Fotograf Canan P. öyle sevdim ki bu fotografi, herseyi anlatiyor.
Ve söyle yazmisti, "Love is what we need"
Evet, ihtiyacimiz olan tek sey, SEVGI..
Bloglar sessizleşti deniliyor.. Evet, ama normal değil mi? Hepimizin kafasına vurulan bir tokmak gibiydi bu darbe "girişimi". Darbe denince bi duracaksın. Adı üstünde, "darbe" içinde ne acılar taşıyor. Baskılar, işkenceler, ölümler, kayıplar. Türkiye darbeler ülkesi. En son 12 Eylül darbesinde çocuktum, ve yenice Almanya'ya gelmiştim. O zamanlar uydular yoktu, dolayısı ile tv ve akıllı telefonlar olmadığı gibi, Türkiye'yi sabit ev telefonundan aradığımızda saatlerce numara çevirirdik. Sıfır Sıfır doksan. Çevirmeli telefonun en sonunda yer alan numaralar. Uzun uzun çevirirsin.
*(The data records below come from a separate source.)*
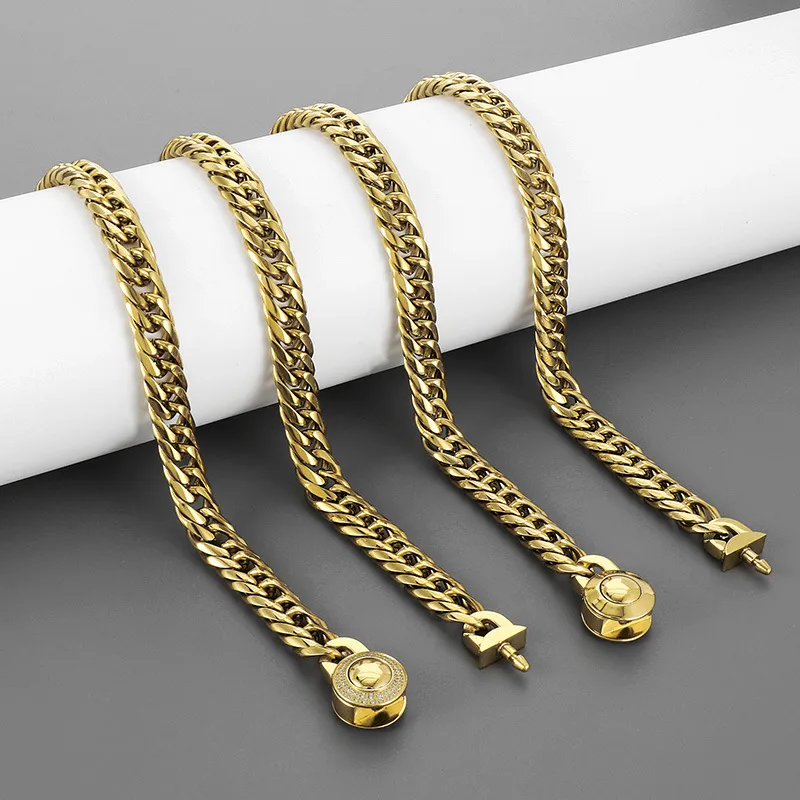Simple Style Titanium Steel Geometric Solid Color Polishing Plating 18K Gold Plated Men's Jewelry Set display picture 5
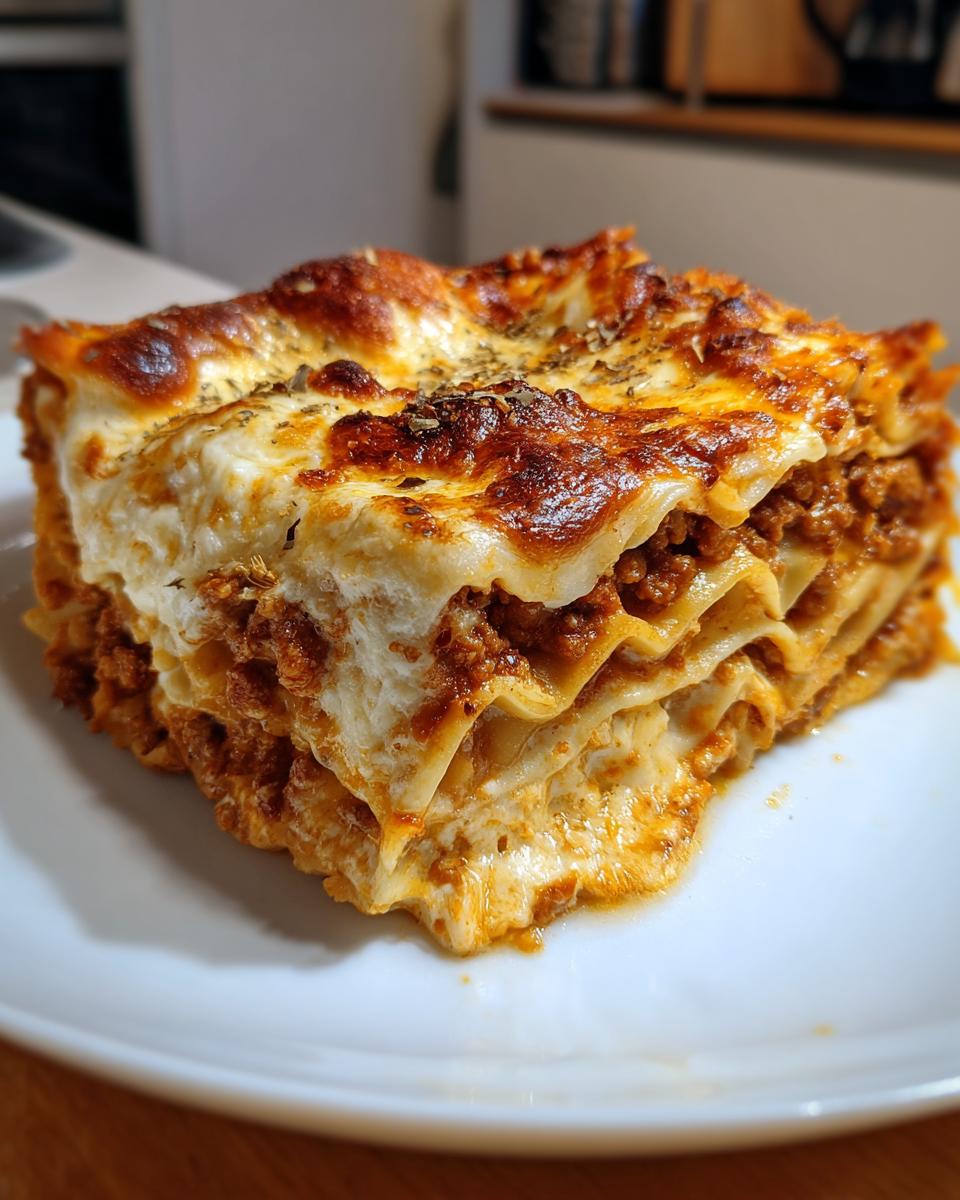 A thick, layered slice of easy lasagna with ricotta, featuring a browned, cheesy top and rich meat sauce.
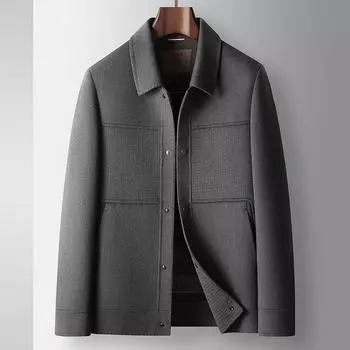 Мужская шерстяная куртка осень-зима легкая роскошная деловая куртка с отворотами на пуху двухсторонняя шерстяная молодежная куртка для инструментов 170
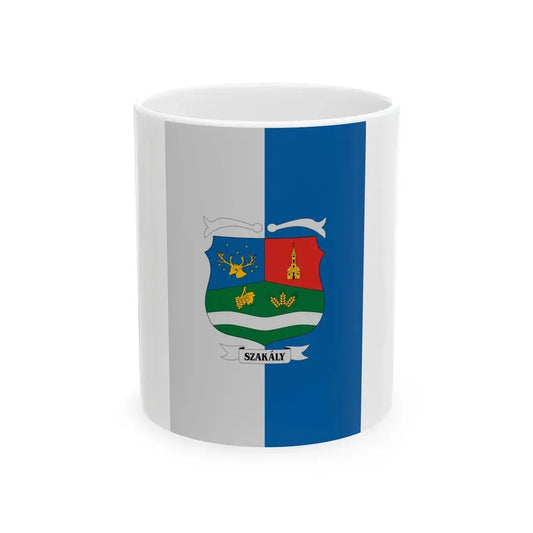 Flag of Szakaly vertical (Hungary) White Coffee Mug 11oz - Go Mug Yourself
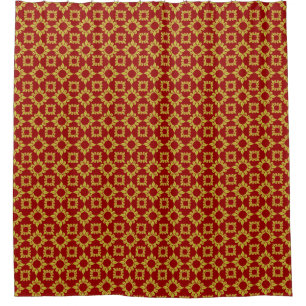 Royal Gold Damask Pattern on Deep Red Shower Curtain
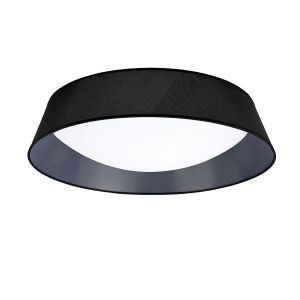 Nordica Flush Ceiling, 9 Light E27 Max 20W, 90cm, White Acrylic With Black Shade, 2yrs Warranty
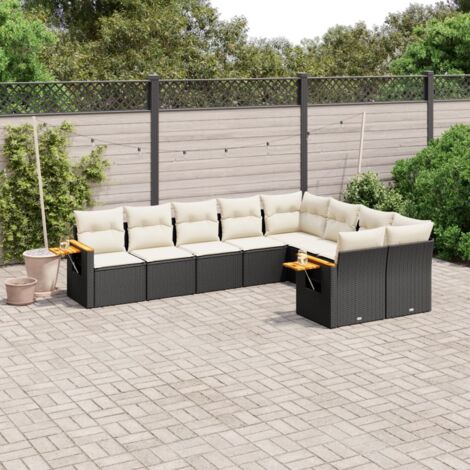 Ensemble Salon Jardin 9 Places Noir Résine Tressée avec Coussins Crème - Meuble Extérieur Modulaire Rangement Intégré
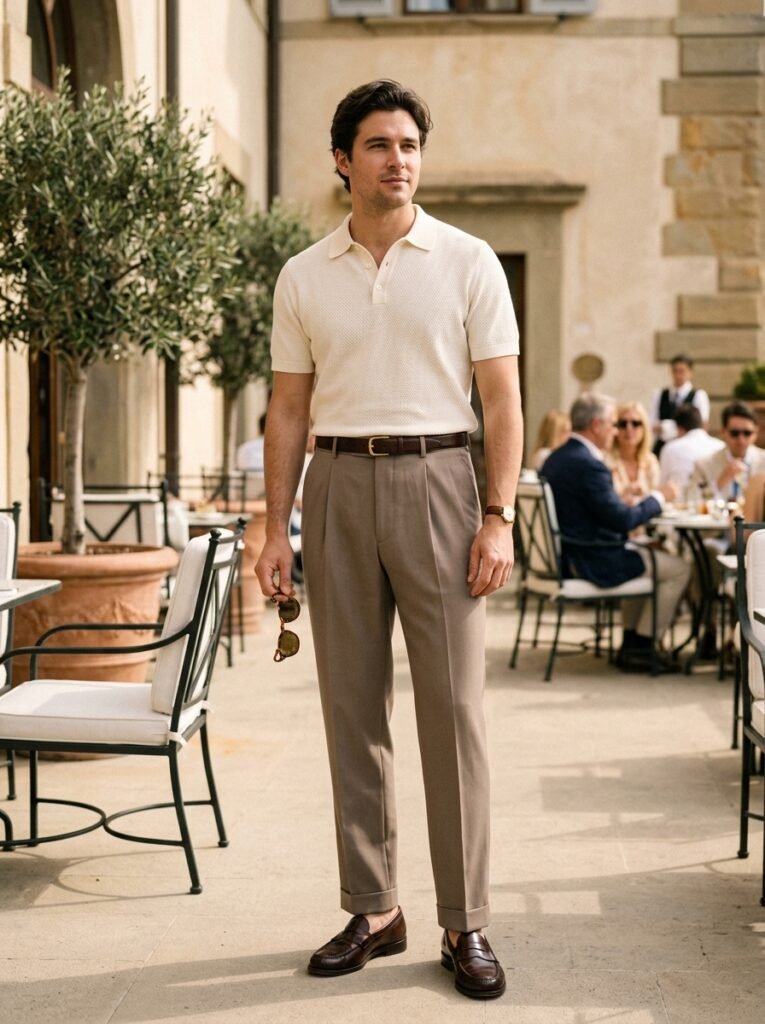 cream polo trouser outfit men
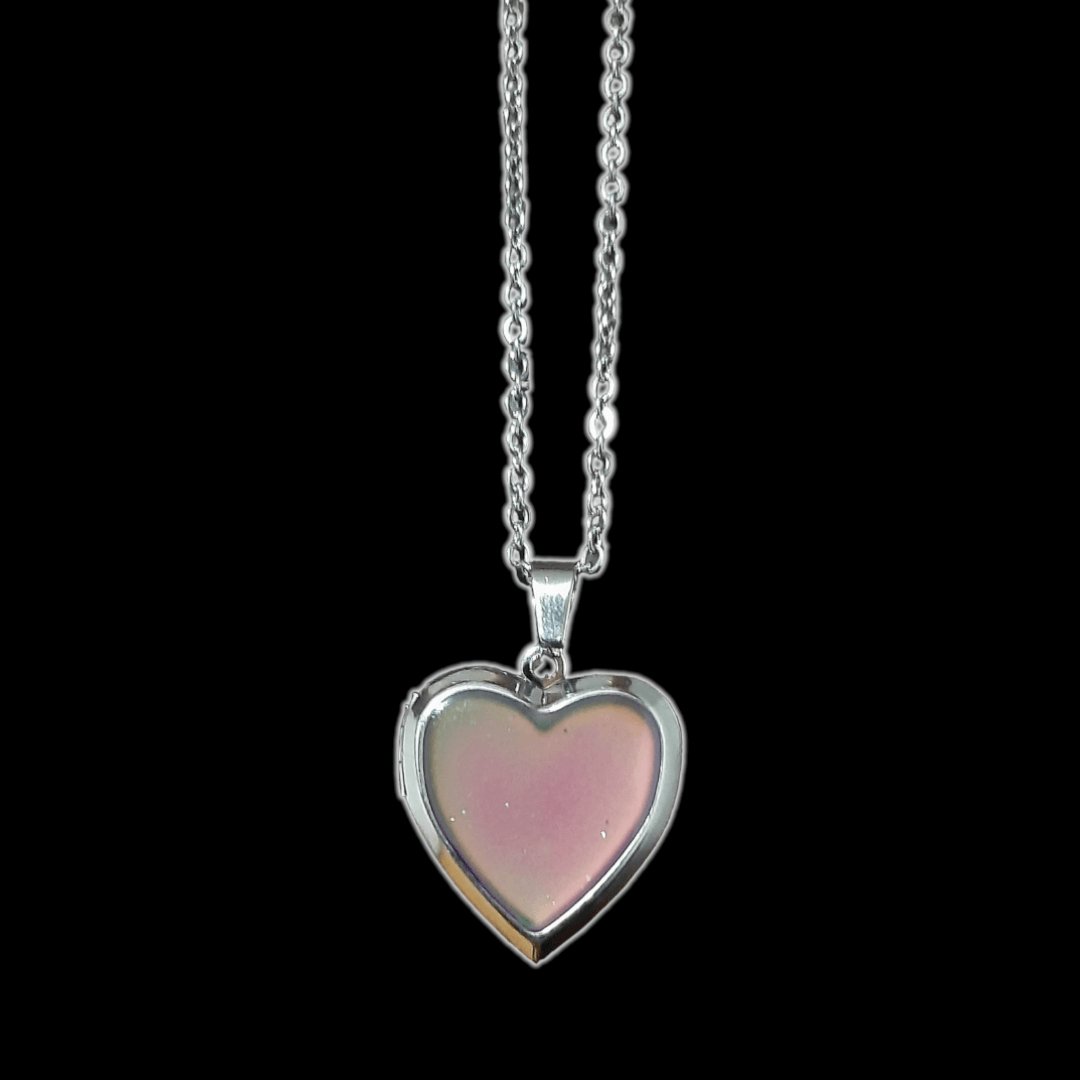 Collar Colgante Corazón Relicario Multicolor - Diversa Coleccion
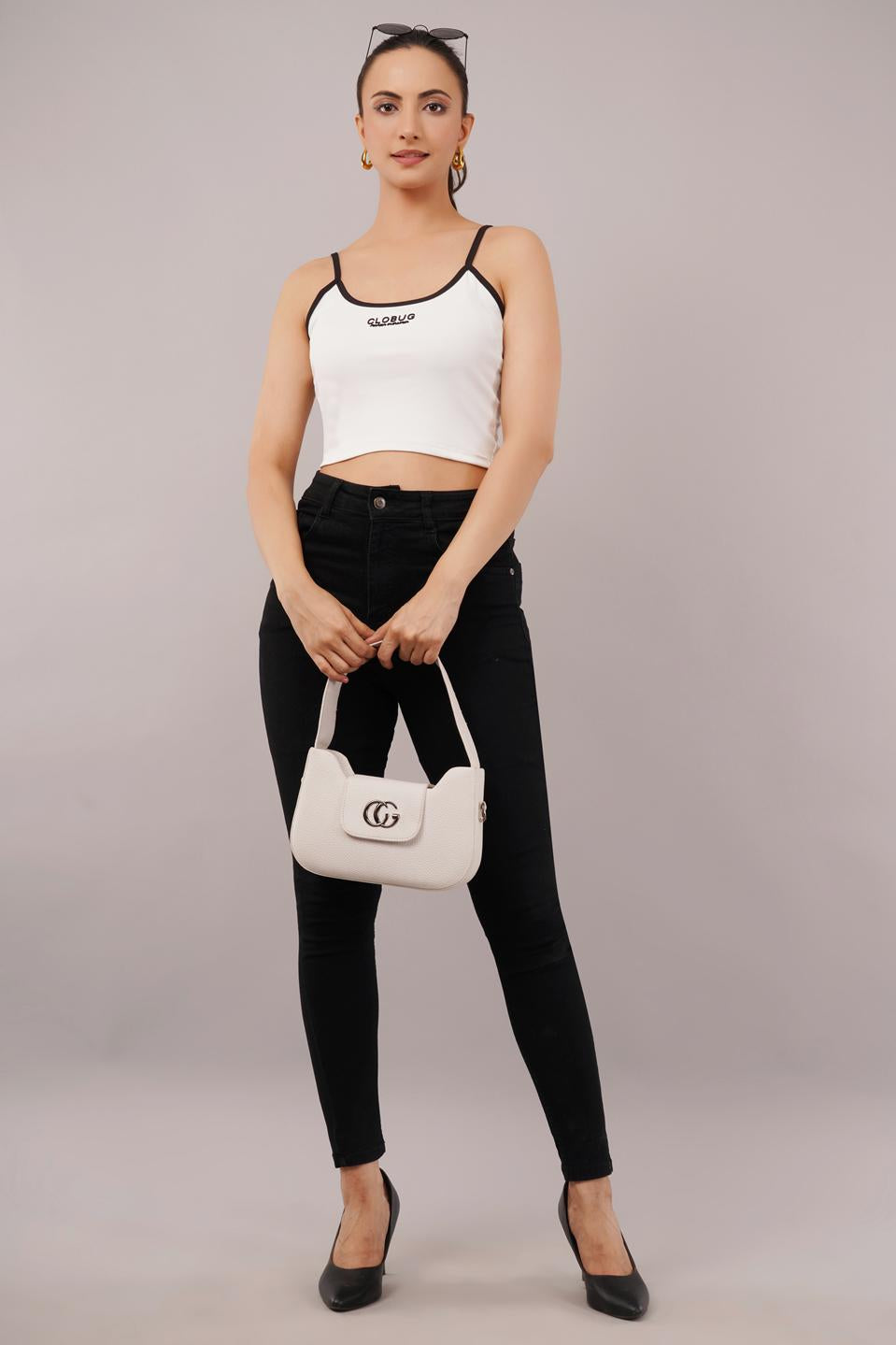 Clobug Women Shoulder Strap Cotton Blend Tank Top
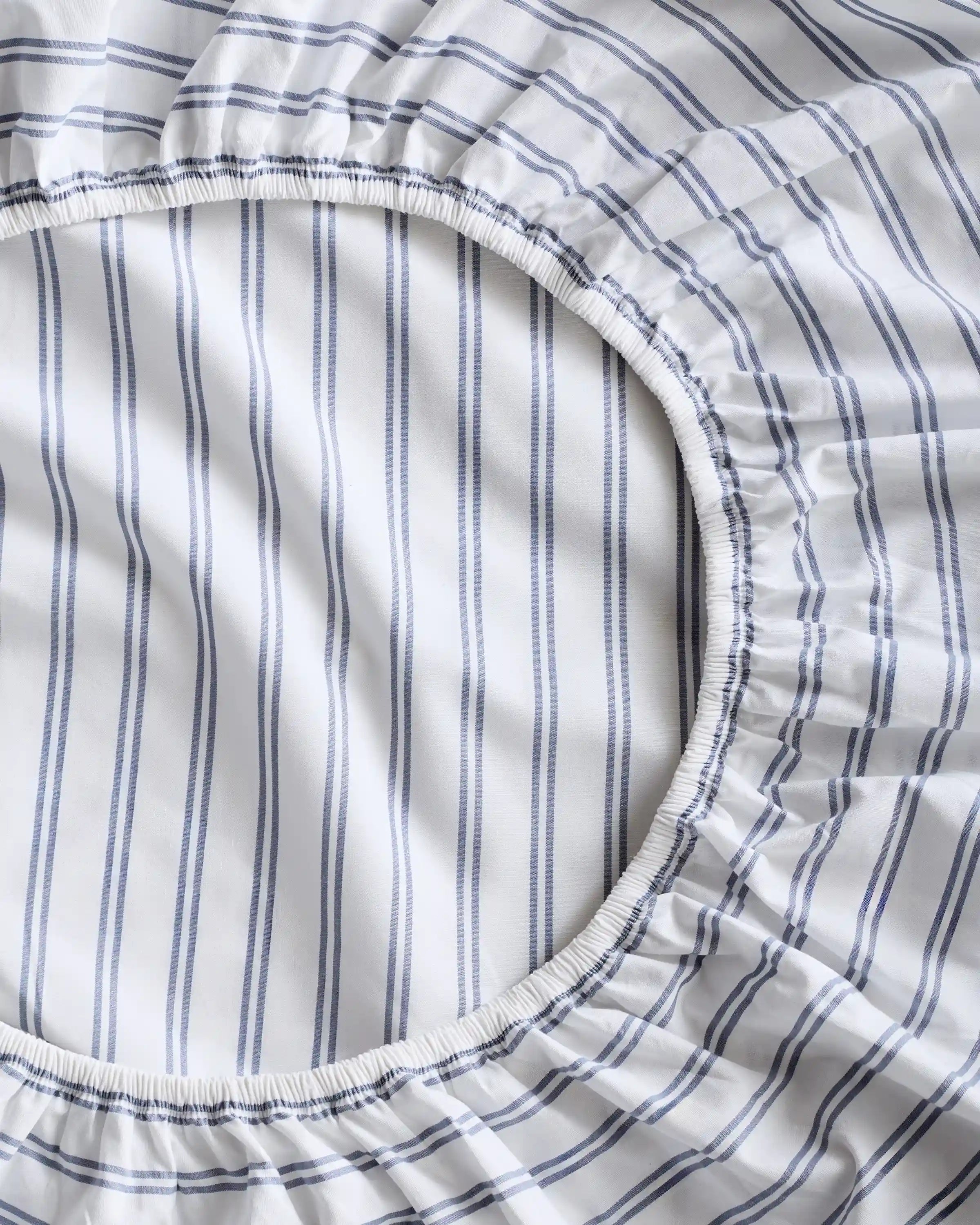 Organic Crisp Percale Double Stripe Sheet Set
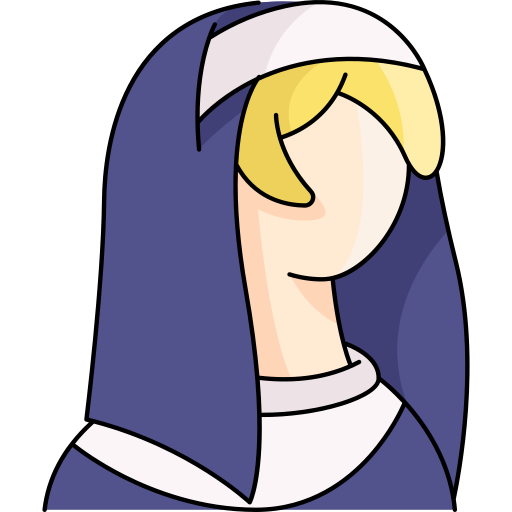 수녀 Generic Thin Outline Color icon
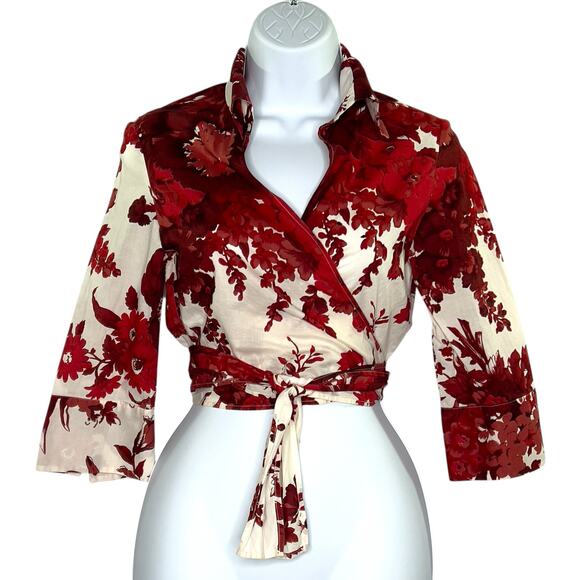 Hache 4 Red Floral Cropped True Wrap Top Deep V Collared Tie Front - Picture 1 of 9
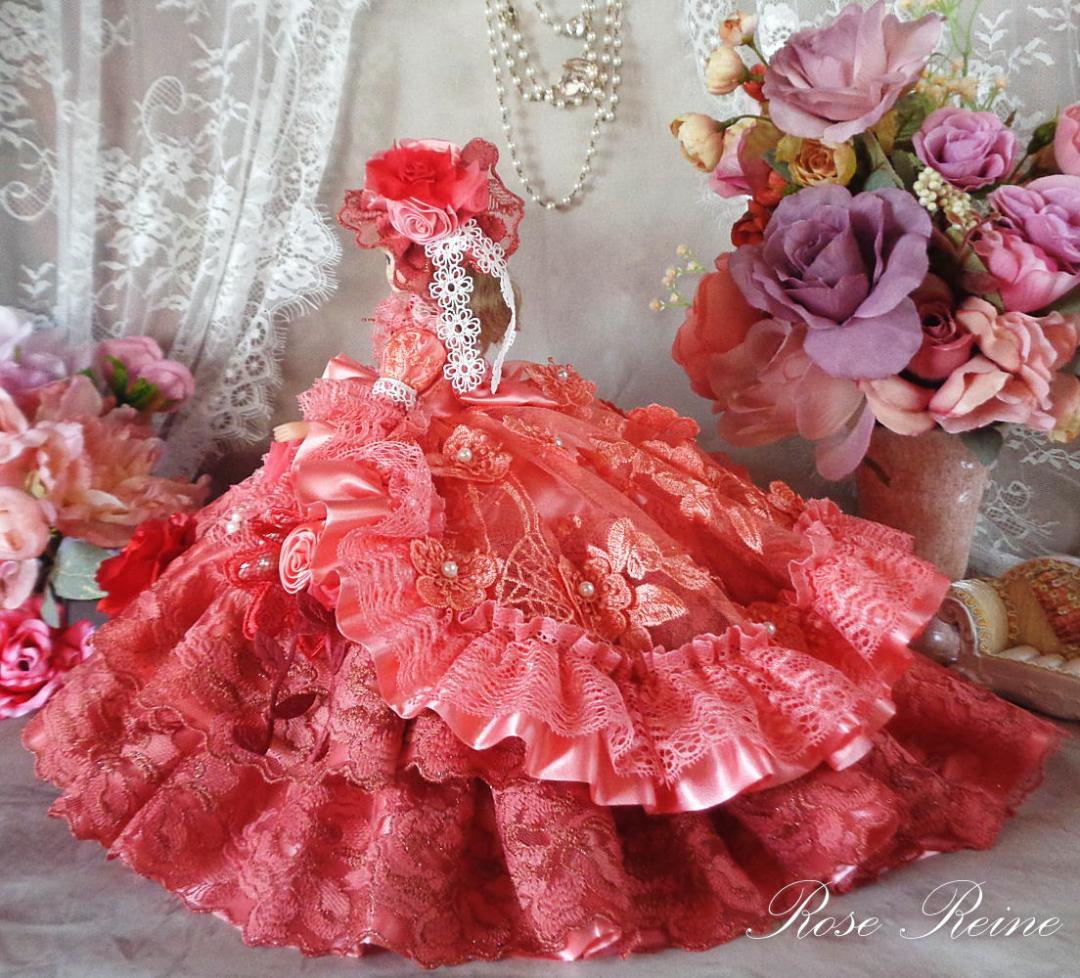ベルサイユの薔薇 花の妖精 フェアリーコーラルのオーバーフリルドールドレス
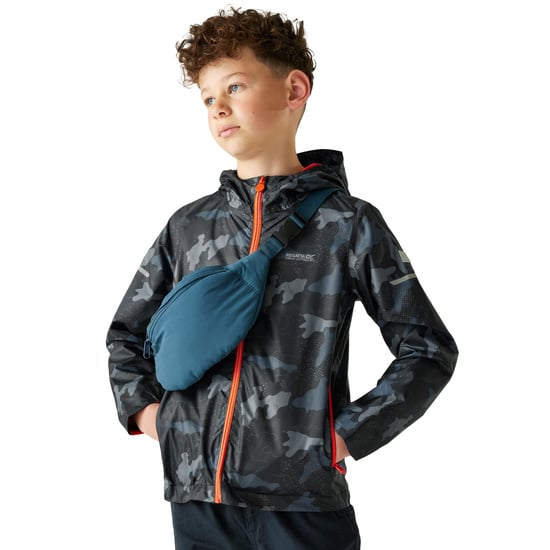 Regatta - "Lever II" Jacke, wasserfest für Kinder (Marineblau/Mandarinen-Tango) - Image 4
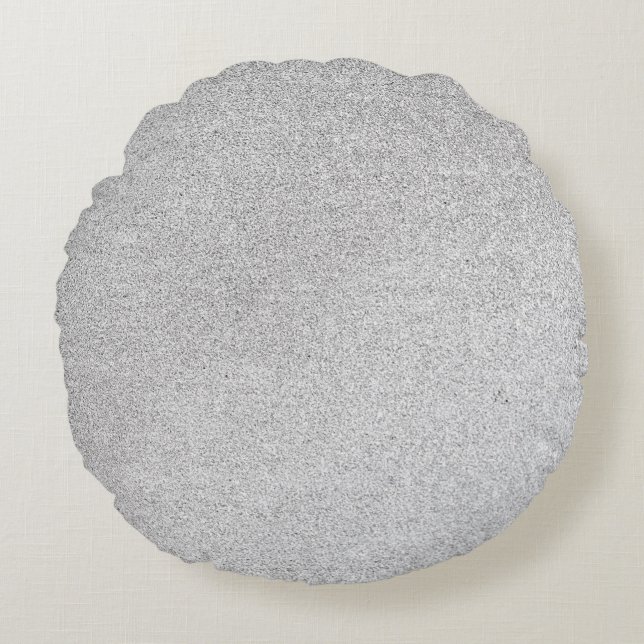 Silver Stone Gary Gold Marble Purple Glitter Round Pillow (Front)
Sonnra şehir kodu, sonra ev numarası. Çevir Allah çevir. Düşmez numara. Bir saat boyunca telefon başında bekler, yüzlerce kez o numaraları çevirirdik. Bi ara çalardı telefon. İşte o an sanki Loto'da 6 tutturmuş gibi sevinirdik. Bir elimizde ahize, diğer elimizle "tamam, tamam, "çalıyor" der gibi aşağı yukarı sallayarak işaret dili kullanırdık. Karşımızda duran buna inanmaz, şaka yaptığımızı sanırdı. Şimdi ise bunları yazıyor olmam şaka gibi.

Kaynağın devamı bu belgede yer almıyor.